What to produce ->
Return the listing exactly as it appears, but strip out the images.

Data segment ->
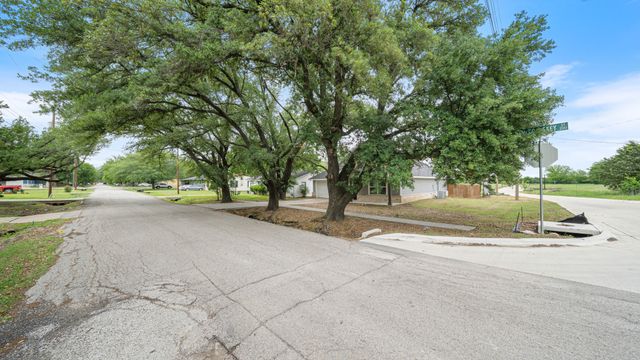 207 E Mccoulskey Street, Terrell, TX 75160
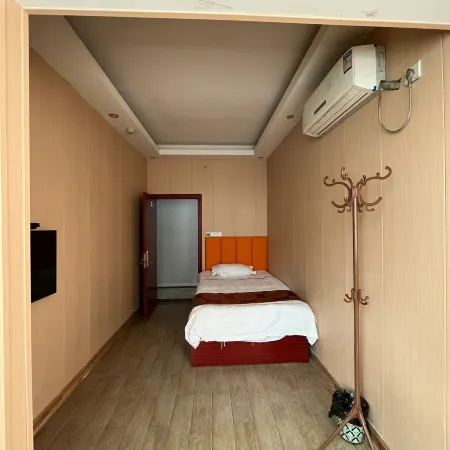 Nanjiang Huatian Business Hotel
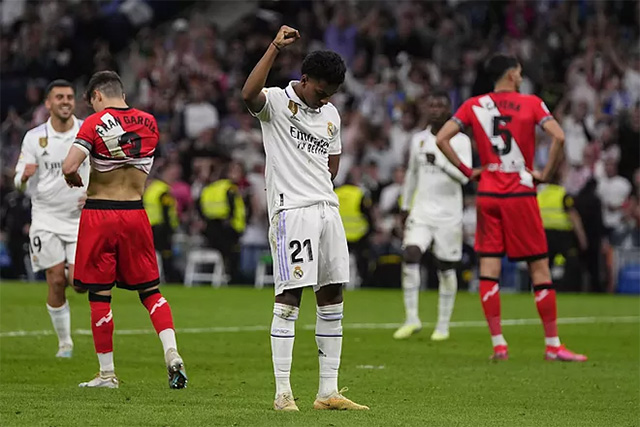 Kết quả Real Madrid 2-1 Vallecano: 'Kền kền trắng' qua mặt Atletico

Reply ->
 207 E Mccoulskey Street, Terrell, TX 75160
 Nanjiang Huatian Business Hotel
 Kết quả Real Madrid 2-1 Vallecano: 'Kền kền trắng' qua mặt Atletico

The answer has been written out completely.